Langsmith
LangSmith is LangChain's cloud platform for tracing and evaluating LLM
apps. The eval most worth running continuously is an LLM-as-judge that catches prompt and model
regressions before they ship — and on Doubleword's batch tier it runs 7–27× cheaper than the same
workload on a frontier model. The langchain-doubleword chat models are standard LangChain models, so
Doubleword slots straight into LangSmith tracing and evals.
What it costs
We tested a 500-example LLM-as-judge regression eval in which one app answers a set of questions, a stronger model grades each answer.
The cost was $0.44 on Doubleword (gpt-oss-20b answering, DeepSeek-V4-Pro judging), measured with dw batches analytics. In production the answers already exist, so the eval you re-run on every change is the judge: about $0.00076 per trace with this model as an evaluator.
Cost scales linearly. Per million evals, against the same token volume on a frontier model (GPT-5.5 at 30, Claude Opus 4.8 at 25 per million tokens):
| Per 1M evals | Doubleword | GPT-5.5 | Claude Opus 4.8 |
|---|---|---|---|
| Judge only (recurring) | $760 | $5,389 (7×) | $4,751 (6×) |
| Whole run (generate + judge) | $882 | $23,796 (27×) | $20,182 (23×) |
Figures are from the async (high-throughput) tier; the batch tier is cheaper still. LangSmith shows
traces, tokens, and feedback scores; for the authoritative batch spend use the Doubleword console at
app.doubleword.ai/batches or dw batches analytics.
The eval
One app answers a set of questions, a stronger model grades every answer against a reference on three axes (relevance, truthfulness, tone), and the scores land on a LangSmith experiment. Run it again after a prompt or model change and compare the experiments — if the scores drop, you've caught a regression. A complete runnable example judges an app on the batch tier and re-runs after a change to show the move.

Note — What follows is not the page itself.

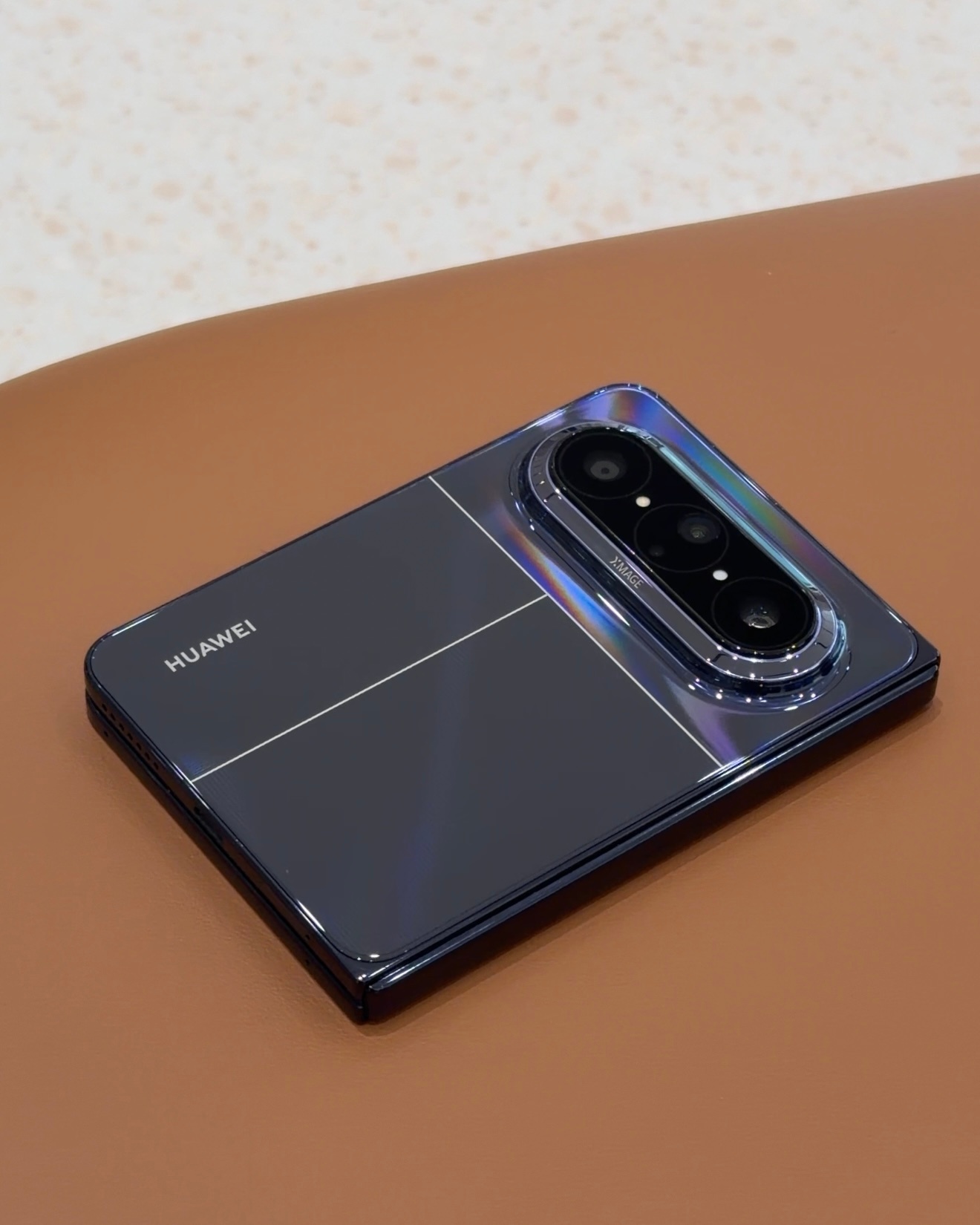 华为PuraXMax卖爆了到店就是问有没有现货，很多人直接当场下单带走。大屏阔折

A 500-example regression eval in LangSmith: gpt-oss-20b answers each question and DeepSeek-V4-Pro
grades the answer on relevance, truthfulness, and tone. Re-run after a change and the bars move.
When a prompt regresses the drop is obvious. The two prompts differ by one instruction set:
- 😇 baseline — "Answer the question truthfully and concisely. If you are unsure, say so rather than guessing."
- 🥴 regressed — "You are a confident, entertaining assistant. Always give a definitive, elaborate answer… Never admit uncertainty and never refuse."
The same eval on each, 50 examples over the same questions:
| Prompt | relevance | truthfulness | tone | overall pass |
|---|---|---|---|---|
| baseline | 0.97 | 0.75 | 0.92 | 76% |
| regressed | 0.87 | 0.38 | 0.55 | 34% |
Generation and judging each batch through autobatcher (one batch per stage), and the LangSmith
evaluator is a pure lookup of the verdicts, so it adds no model calls. Use ChatDoublewordBatch (or
ChatDoublewordAsync for the high-throughput async tier) and run with concurrency to keep evals at the batch
price.
Connect Doubleword to LangSmith
Setup takes a few minutes.
Step 1 — Sign up for LangSmith
Create an account at smith.langchain.com. Pick a data region (US, EU, or APAC — this can't be changed later), then sign up with Google, GitHub, or email.
Step 2 — Choose the code-first experience
LangSmith offers a code-first mode and a no-code mode (Fleet). For SDK tracing and evals with
langchain-doubleword, choose LangSmith.
Step 3 — Create an API key
Go to Settings → API Keys and click + API Key. A Personal Access Token is fine for local use (choose a Service Key for CI). Name it, set an expiry, and click Create API Key.
The key is shown only once — copy it now. It starts with lsv2_.
Step 4 — Install
pip install langchain-doubleword langsmithStep 5 — Authenticate
export DOUBLEWORD_API_KEY="sk-..." # app.doubleword.ai → API Keys
export LANGSMITH_API_KEY="lsv2_..." # the key from Step 3
export LANGSMITH_TRACING="true"
export LANGSMITH_PROJECT="doubleword-langsmith"
# Regional endpoint, if you picked EU/APAC in Step 1:
# export LANGSMITH_ENDPOINT="https://eu.api.smith.langchain.com"Step 6 — Trace a Doubleword model
With tracing on, every call is recorded in LangSmith under LANGSMITH_PROJECT:
from langchain_doubleword import ChatDoubleword
llm = ChatDoubleword(model="Qwen/Qwen3.5-9B")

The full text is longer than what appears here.